*** Begin section ***
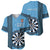 Personalised Fiji Darts Baseball Jersey Fijian Tapa Pattern - Blue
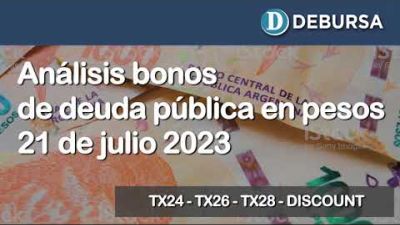 Análisis de los bonos de deuda pública en pesos al 21 de julio 2023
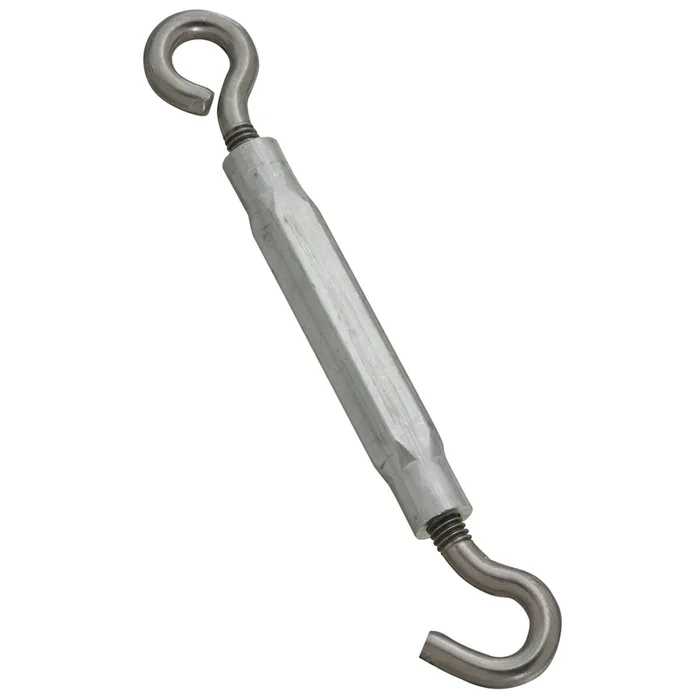 National Hardware Stainless Steel Turnbuckle 175 lb. cap. 9 in. L (Pack of 10)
*** End section ***
▸ Required work
In your output, include only the lines from the line containing "Análisis de los" through the last line of the material above, exactly as they appear, and leave out the pictures.

▸ Task answer
 Análisis de los bonos de deuda pública en pesos al 21 de julio 2023
 National Hardware Stainless Steel Turnbuckle 175 lb. cap. 9 in. L (Pack of 10)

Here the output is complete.